*Problem details*. From the line with "Snapshot of xxkitty27xx" to the end of the data below, restate each line word for word, both ends included, without the pictures.

Scraped caption text data

------------------------------------------------------------

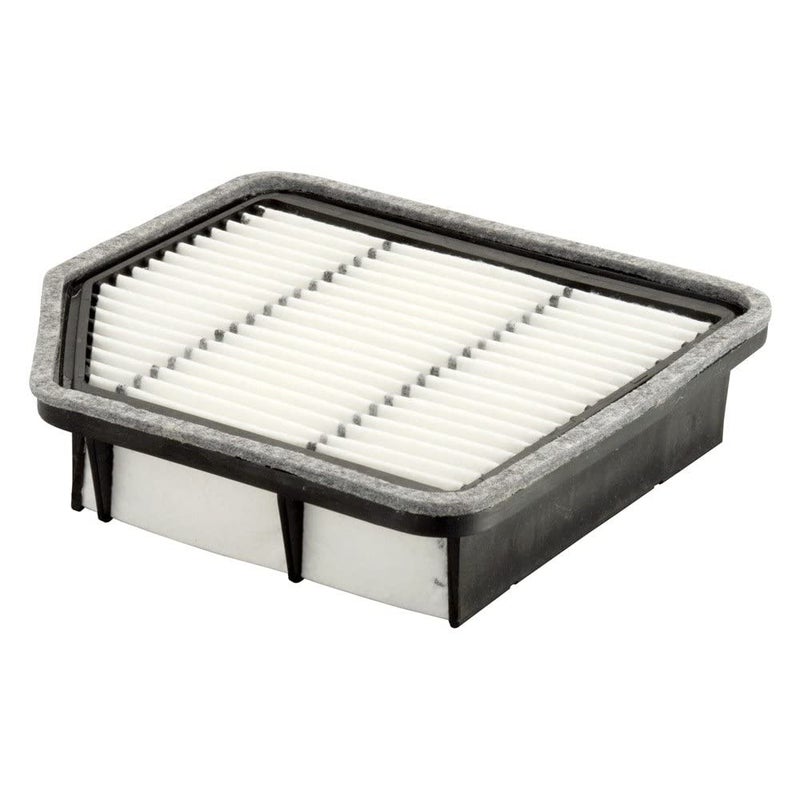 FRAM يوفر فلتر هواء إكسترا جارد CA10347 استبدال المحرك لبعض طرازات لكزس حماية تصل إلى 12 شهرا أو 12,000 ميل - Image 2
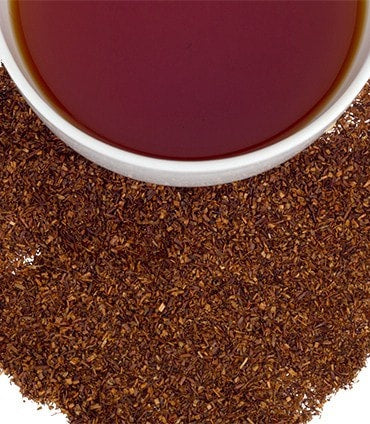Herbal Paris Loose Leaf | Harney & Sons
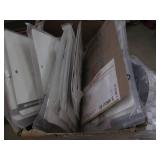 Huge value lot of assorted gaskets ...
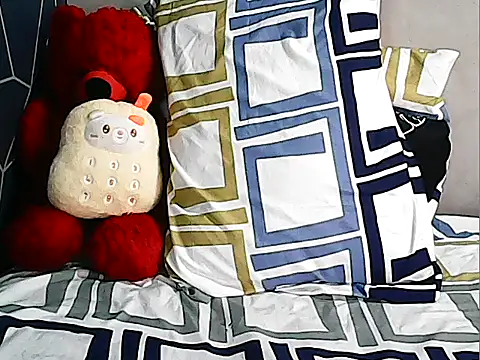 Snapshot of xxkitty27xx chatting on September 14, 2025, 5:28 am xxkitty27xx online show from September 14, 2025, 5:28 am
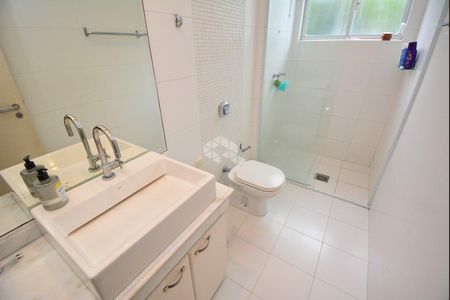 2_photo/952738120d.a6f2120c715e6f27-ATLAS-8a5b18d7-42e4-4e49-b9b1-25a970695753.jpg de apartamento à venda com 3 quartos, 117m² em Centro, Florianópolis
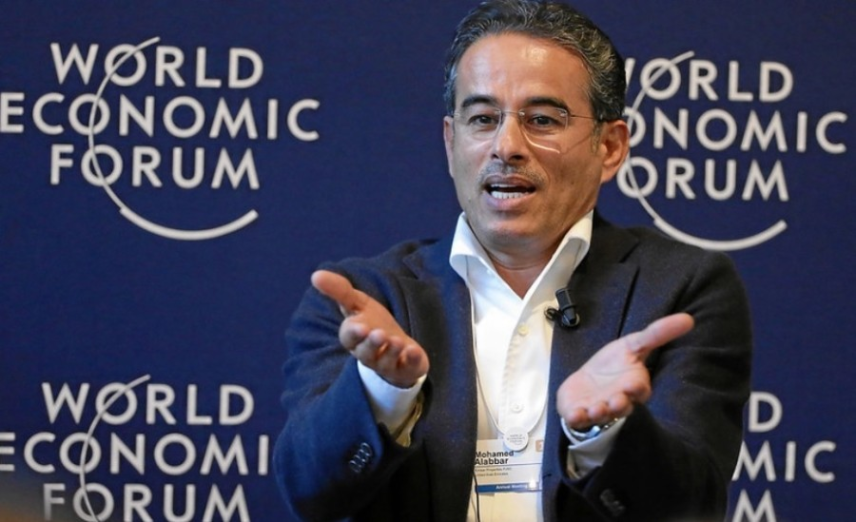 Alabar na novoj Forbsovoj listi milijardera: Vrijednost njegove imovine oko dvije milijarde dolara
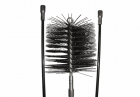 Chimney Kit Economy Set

------------------------------------------------------------

*Result for this exercise*.
 Snapshot of xxkitty27xx chatting on September 14, 2025, 5:28 am xxkitty27xx online show from September 14, 2025, 5:28 am
 2_photo/952738120d.a6f2120c715e6f27-ATLAS-8a5b18d7-42e4-4e49-b9b1-25a970695753.jpg de apartamento à venda com 3 quartos, 117m² em Centro, Florianópolis
 Alabar na novoj Forbsovoj listi milijardera: Vrijednost njegove imovine oko dvije milijarde dolara
 Chimney Kit Economy Set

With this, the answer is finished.